Petit fumier. Minable. Vous avez vainement essayé de m'avoir. Béni oui oui. Chacal des steppes. Figurez vous que ce matin même, avant que je reçoive votre courrier, Emma, votre ex petite amie, est venue me consulter. Elle vient déjà depuis quelques semaines, et a eu le temps de me raconter les faits terribles qui vous sont à charge. Elle m'a avoué votre soudaine transformation. Les efforts qu'elle a fait pour surpasser sa douleur. Votre indifférence aussi, presque sadique. Et lorsqu'elle vous a demandé de faire quelque chose pour que cela cesse, vous avez tout simplement ignoré ses conseils. Celle d'une femme aimante. Elle n'a pas pu supporter plus longtemps cette chose répugnante qui stagne en vous. Car Aymeric, il faut qu'enfin vous vous l'avouiez à vous même : lorsque vous trouvez enfin l'harmonie, vos doigts se mettent à puer l'échalote.
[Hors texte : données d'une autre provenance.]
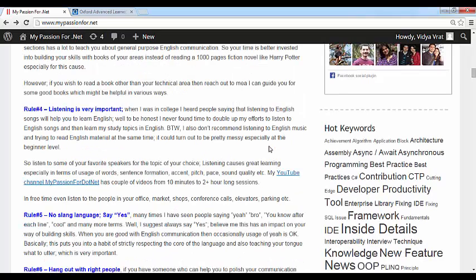Rule number four: listening is very important. Many times people think it's only about speaking, but communication is a two-way process — you speak, you listen, you listen, you speak. The best recommendation is to listen to a news channel or, if you are learning technology, listen to YouTube channels with speakers you like. You should listen to multiple people so you learn different ways of speaking. There is always an opportunity to learn from someone.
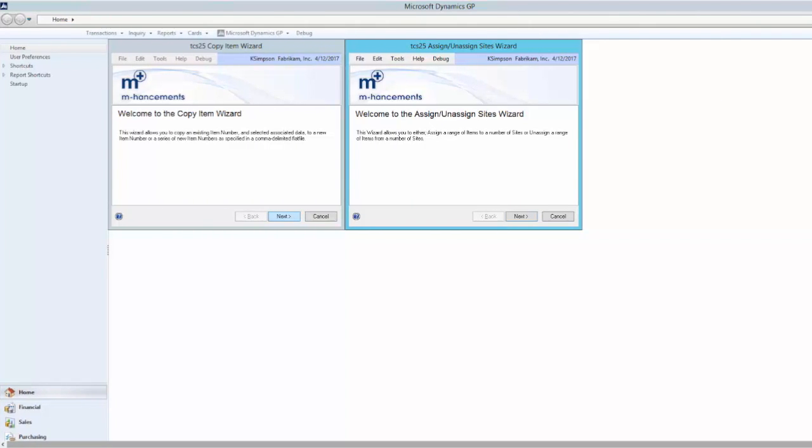Item Manager contains two features: the Copy Item Wizard and the Assign Unassigned Sites Wizard. With standard Dynamics GP, the creation of new items, no matter how similar, must be performed individually.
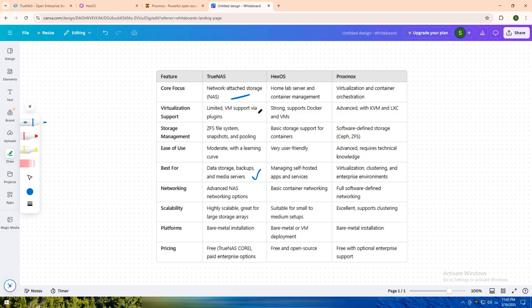If you want a simple yet effective home lab setup for managing Docker containers, virtual machines, and self-hosted apps, Heeksos offers the ideal balance of ease of use and functionality.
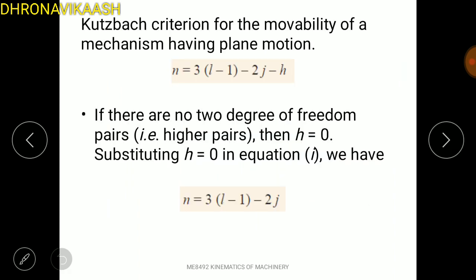This is the Grashof criterion — this is the class topic and a very simple concept. This is the basic example. If you have any questions, please tell us in the comments. Please like this video, share this video, and please subscribe. Thank you.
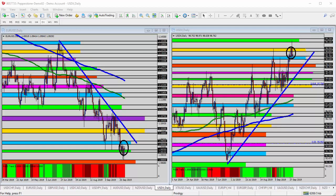Hello everyone, this is today's video analysis for October 2nd, 2019. Today we're taking a look at the EURUSD, the Euro versus the US dollar for today's trade analysis.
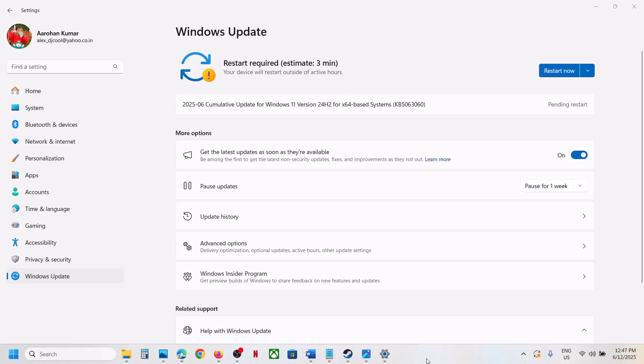Hello guys, welcome to my channel. Today in this video, I'm going to show you how to fix when you are unable to install the update KB5063060 on your Windows 11 computer.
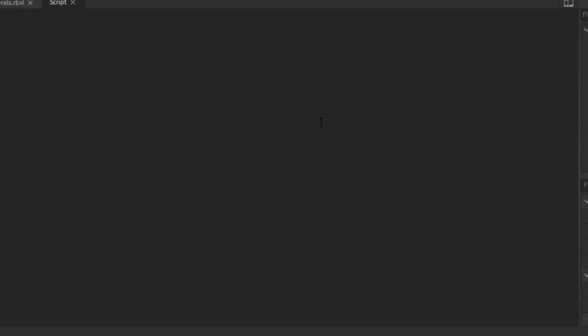Now for the script. Again, I am using the script from the developer forum. So just follow what I typed.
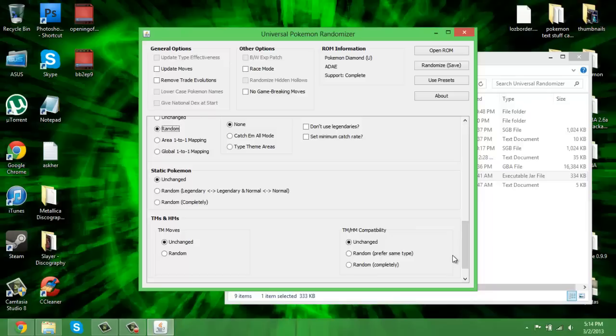This randomizer does it all, it's absolutely spectacular. Now you guys can stop asking me how I randomize Platinum. This isn't how I randomize Platinum but now you guys can. Enjoy, you're welcome. Until next time, I'm Hardy, take care.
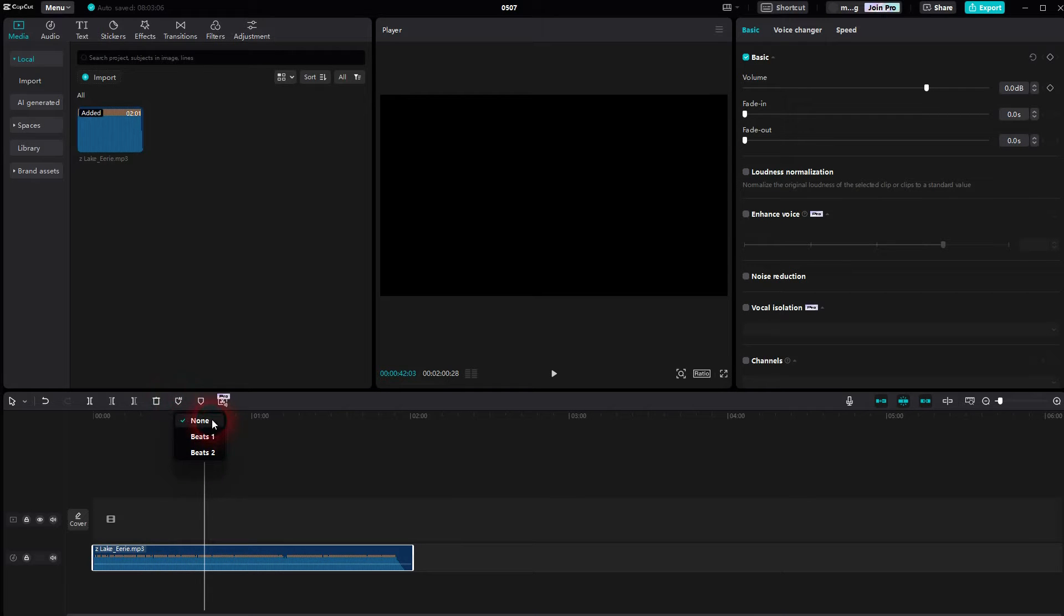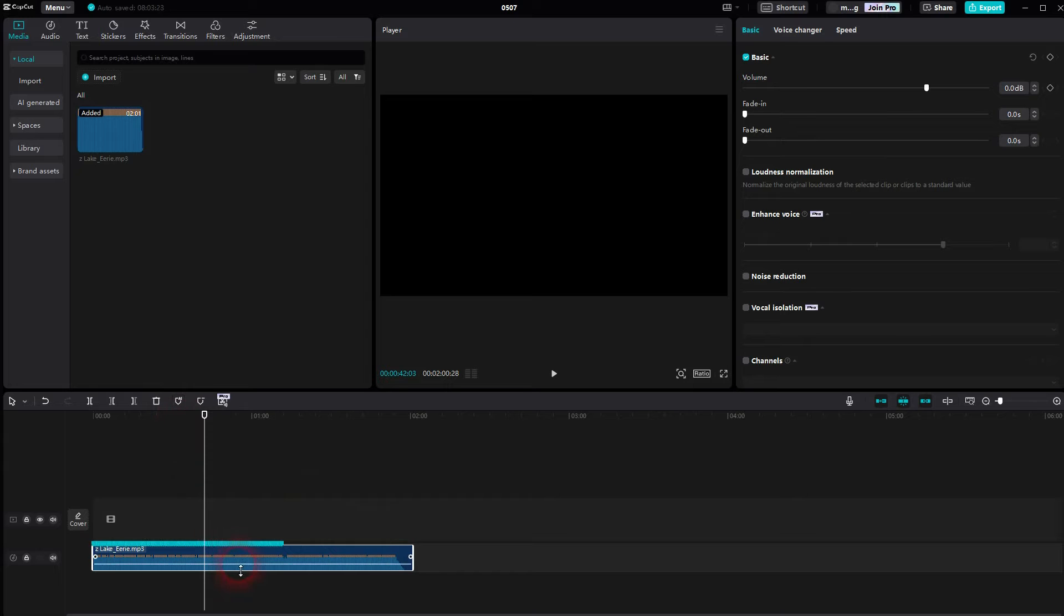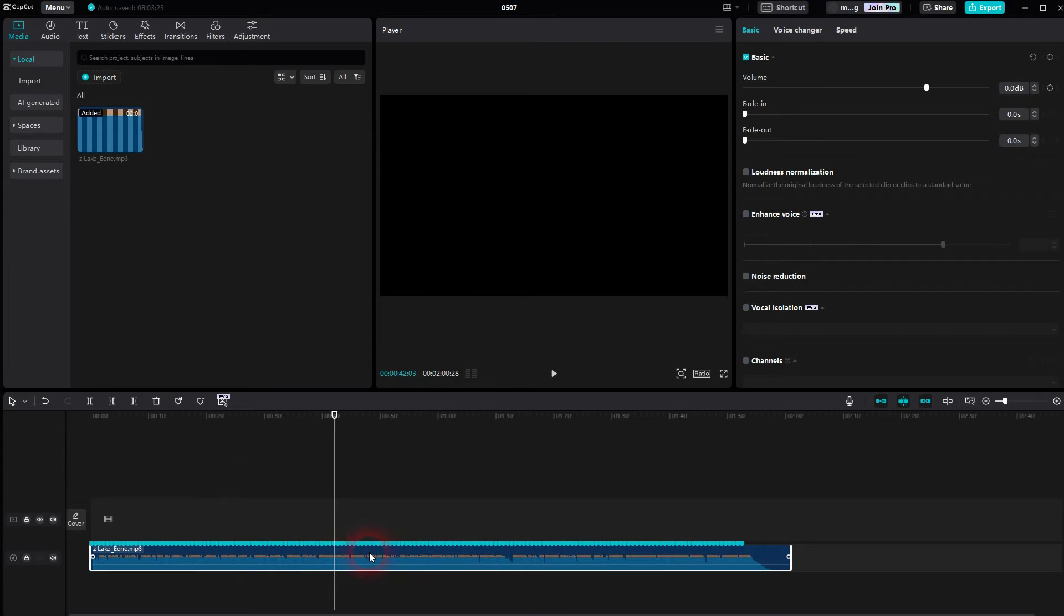And then there are two options. Sometimes one of these options is not really usable. For example, here beats two just marks too many, you can't really use that. Let me go back to beat one.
On se croirait dans la section cuisine d'un centre de formation et d'apprentissage de deuxième zone. C'est dégoûtant. Vos vêtements en sont imprégnés. Emma m'a ramené une de vos dernières lettres d' amoureux éconduit, j'ai dû la tenir avec une pincette, en me bouchant le nez. Vous êtes un bouillon cube aux légumes vivant. Une sorte d'ode lacrymal aux bulbes alliacées. C'est simple, dans un hypermarché, les barquettes d'onglets s'extirperaient des armoires réfrigérées pour vous suivre à la trace. J'ai pour vous la plus profonde aversion. Derrière votre perfection feinte, se cache un tonneau de lie des flacons de Maggi frelatés.  Non je ne garderai pas cette fois ci la distanciation nécessaire à l'exercice de ma profession. Je vous laisse, avec un dernier conseil, car ça commence à sentir le râgout ici : tentez désormais de séduire des femmes atteintes de sinusite permanente, peut être accepteront elles le calvaire de votre présence. Non mais des fois.